Пфиц выполнил просьбу, и незнакомец принялся что-то писать на чистой стороне листа. Потом нищий перевернул его.

- Я так и думал. Почерк в самом деле мой, хотя я сомневаюсь, что авторство этих разнообразных документов принадлежит мне. Должно быть, я работал переписчиком в том городе, откуда пришел.

- Если вы жили исключительно трудом переписчика, то потеря памяти не станет для вас непоправимой бедой, - бодро предположил Пфиц. - Но каково содержание этих бумаг?

Незнакомец приподнял уголок одного из листов и всмотрелся в текст, словно напоминая себе нечто, что может вызвать его сомнение.

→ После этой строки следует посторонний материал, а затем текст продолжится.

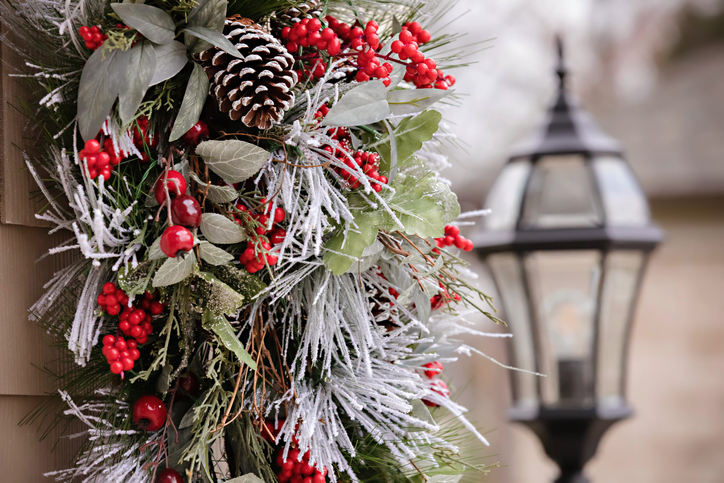 Frosted Christmas Outdoor Decorations with an Outdoor Coach Lamp in the background
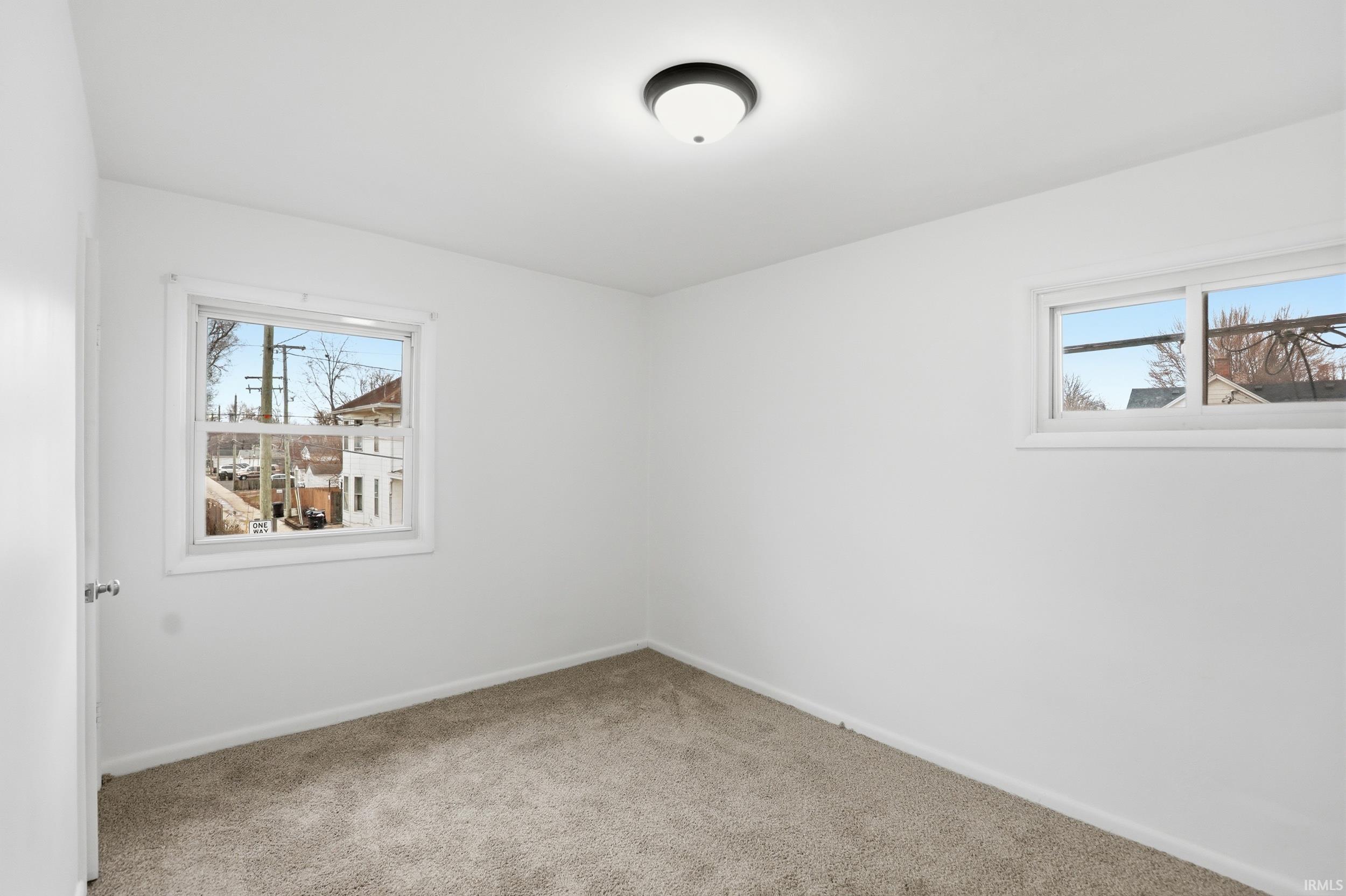 Empty room with light colored carpet and baseboards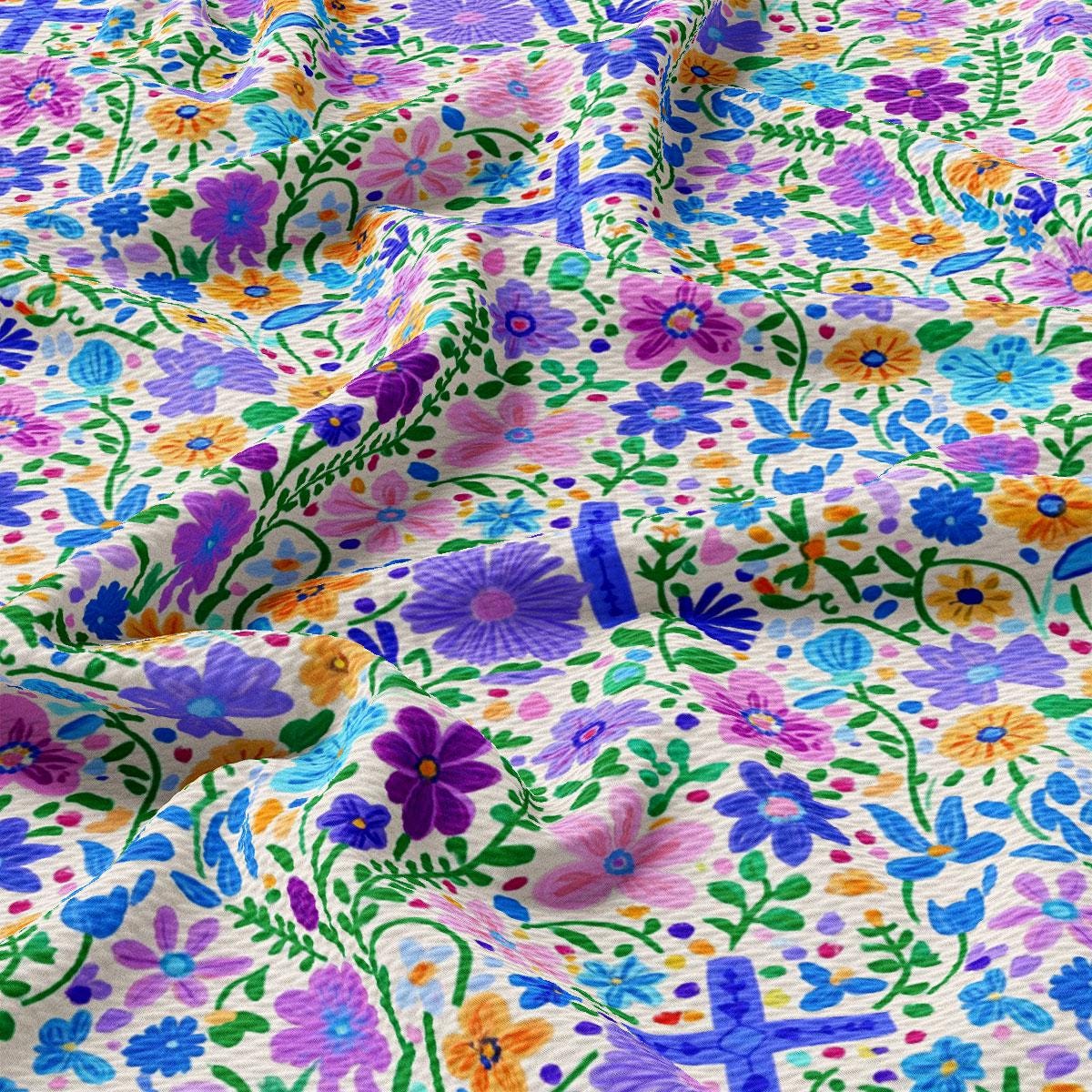 a close up of a colorful fabric with flowers on it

- Эти документы - суть не что иное, как фрагменты большого сочинения или даже целой серии сочинений, имеющих отношение к некоему определенному месту, которое представляется мне вымышленным: к какому-то фантастическому городу, а может, даже к нескольким таким городам, целому миру или вселенной. Эти сочинения - по их форме и деталям - можно назвать энциклопедическими. Несколько раз я задумывался, не пришел ли я сам из такого невероятного города, о котором собственноручно же и написал. Если так, то не является ли самое мое существование парадоксом или иллюзией?

Пфиц рассмеялся:

- Я собственными глазами вижу, что вы реальны, как этот стол. Может быть, вы дадите мне почитать что-нибудь из вашей рукописи?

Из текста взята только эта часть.